Você sabe o que é catarata?

Antes de conhecer a história da cirurgia de catarata é preciso entender melhor esta doença. O olho humano pode ser comparado a uma sofisticada máquina fotográfica, composta por delicadas peças. Dentre estas peças está o cristalino, uma lente transparente que permite a passagem de luz até a retina. É na retina que as imagens são formadas e transmitidas ao cérebro.

Quando o cristalino “adoece”, perde sua transparência tornando-se opaco e impedindo a chegada de luz à retina. Sem luminosidade as imagens não se formam adequadamente. Este processo prejudica a qualidade da visão e pode causar cegueira.

Durante muitos anos os portadores de catarata não tinham esperança de voltar a enxergar. Felizmente, o mundo moderno pôde conhecer a cura para uma das doenças oftalmológicas mais freqüentes do planeta. E a visão embaçada causada pela catarata cedeu lugar a nitidez tecnológica de lentes artificiais, projetadas para substituir o cristalino opaco.

Assim, a cegueira causada pela catarata tornou-se reversível. Ou seja, por meio de um procedimento cirúrgico é possível que o portador desta doença volte a enxergar. Apesar disso, a catarata ainda é a maior causa de cegueira no mundo, estando presente em 17% das pessoas com idade entre 55 e 65 anos; 47% do grupo entre 65 e 74 anos e em 73% dos que estão acima dos 75 anos.

No Brasil, até a década de 60 não havia uma mobilização especifica do Governo para o tratamento cirúrgico da catarata. As operações eram feitas no sistema público de acordo com a demanda e a infra-estrutura dos hospitais, o paciente esperava em média um ano para a realização da cirurgia. De acordo com o Ministério da Saúde, em 1966, eram feitos cerca de 60 mil procedimentos ao ano. Número muito inferior aos índices dos EUA e de países da Europa na mesma época.
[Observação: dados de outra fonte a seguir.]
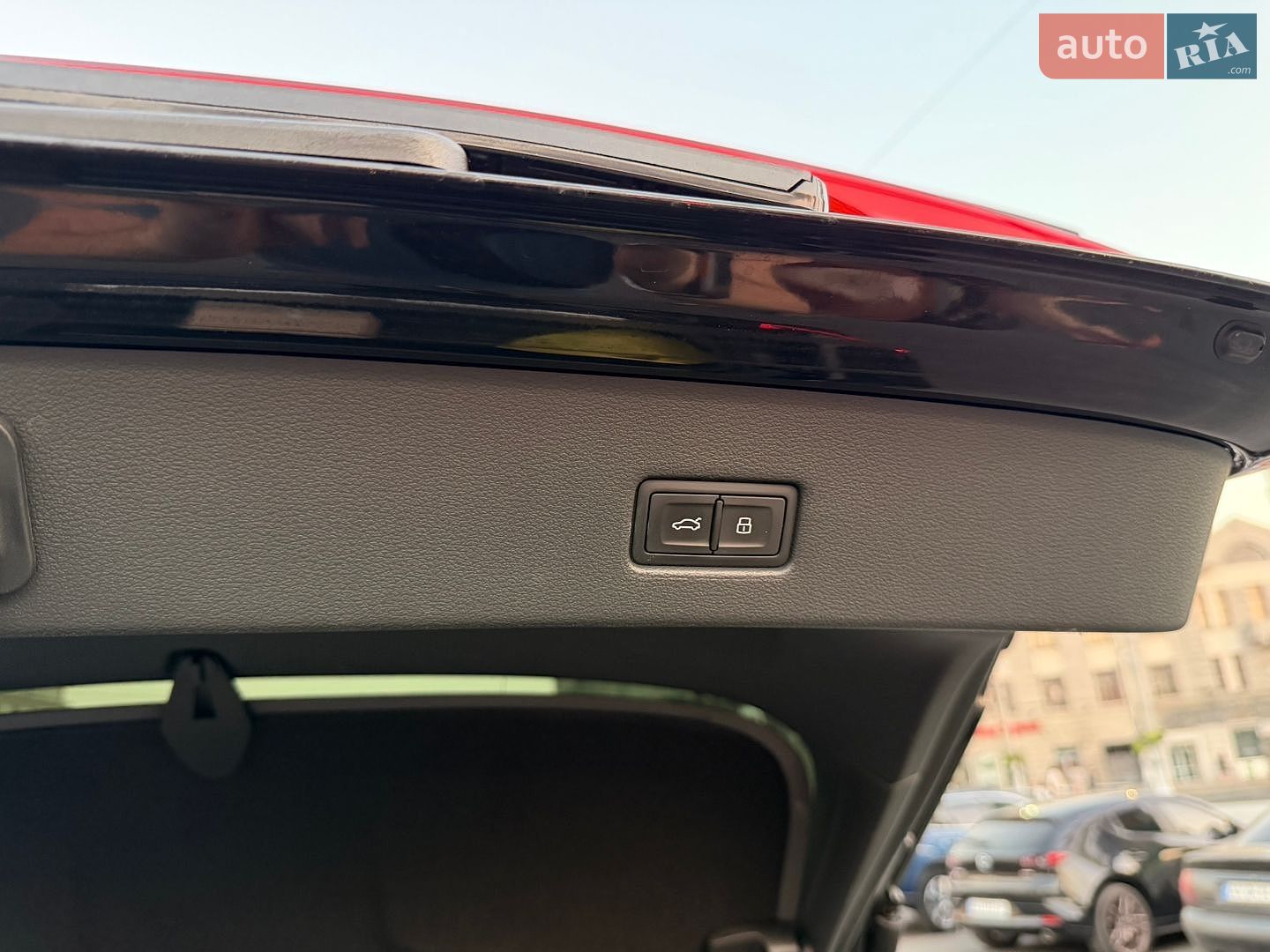 Audi A7 Sportback 2019 VIN WAUV2AF27KN130259 фото оголошення 8 з 19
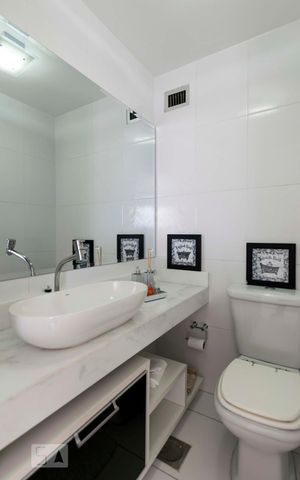 Apartamento para alugar com 147m², 4 quartos e 2 vagasLavabo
No final dos anos 80, um convênio do Instituto Nacional de Olhos dos EUA com a Fundação Hellen Keller e autoridades brasileiras deu início ao primeiro programa que traçou detalhadamente os obstáculos inerentes a este tipo de atendimento público. As pesquisas foram realizadas em Campinas (SP) e revelaram que 55% da população com cegueira decorrente da catarata não tinha acesso a cirurgia. Eram necessárias até 15 visitas ao hospital, para conseguir realizar a operação. Embora o procedimento no Hospital das Clínicas da Unicamp fosse gratuito, os custos de transporte nestas consultas e a necessidade de ter um acompanhante dificultavam e, muitas vezes, impediam o tratamento.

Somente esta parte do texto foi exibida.